October 17, 2017 09:54
While the world's attention is focused on North Korea's nuclear and missile programs, it has developed its hacking skills into "an almost perfect weapon" and earns as much as US$1 billion a year from cyberheists, The New York Times reported on Sunday.
The North has more than 6,000 hackers trained to steal secrets and money from foreign governments and companies, the daily quoted a U.S. intelligence expert as saying.
"Cyberheists may bring the North as much as $1 billion a year, or a third of the value of the nation's exports," the paper said.
North Korea's hacking was mostly limited to military targets until Kim Jong-un took power in 2011, but has expanded into theft, disrupting intelligence, and propaganda.
Its hackers have targeted Bitcoin and even tried to steal hard currency from the Federal Reserve Bank of New York.
It is believed Iran and North Korea share hacking knowhow along with missile technology.
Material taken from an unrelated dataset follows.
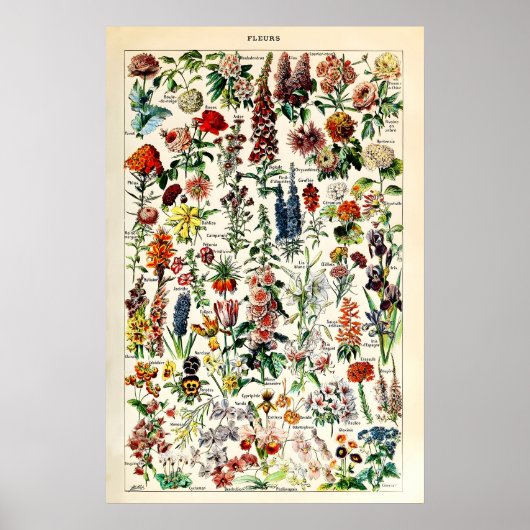 Adolphe Millot Florale Illustrations-Kunstwerk Poster (Vorne)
The daily pointed out that a North Korean cyberattack on South Korean banks and broadcasters in 2012 was very similar to an Iranian attack on Aramco, Saudi Arabia’s state-owned oil company, several months earlier.
The North apparently began training hackers in the 1990s.
"Everyone is focused on mushroom clouds," said Robert Silvers, a former assistant secretary for cyberpolicy at the U.S. Department of Homeland Security. "But there is far more potential for another kind of disastrous escalation."